Print the records exactly as given.

[DATASET ENTRIES]

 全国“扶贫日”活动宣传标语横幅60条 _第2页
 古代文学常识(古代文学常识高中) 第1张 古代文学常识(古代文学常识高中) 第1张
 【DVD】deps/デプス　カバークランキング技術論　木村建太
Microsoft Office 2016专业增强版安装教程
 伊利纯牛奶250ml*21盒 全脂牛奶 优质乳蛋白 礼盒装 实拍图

[/DATASET ENTRIES]

WRITTEN SOLUTION
 全国“扶贫日”活动宣传标语横幅60条 _第2页
 古代文学常识(古代文学常识高中) 第1张 古代文学常识(古代文学常识高中) 第1张
 【DVD】deps/デプス　カバークランキング技術論　木村建太
Microsoft Office 2016专业增强版安装教程
 伊利纯牛奶250ml*21盒 全脂牛奶 优质乳蛋白 礼盒装 实拍图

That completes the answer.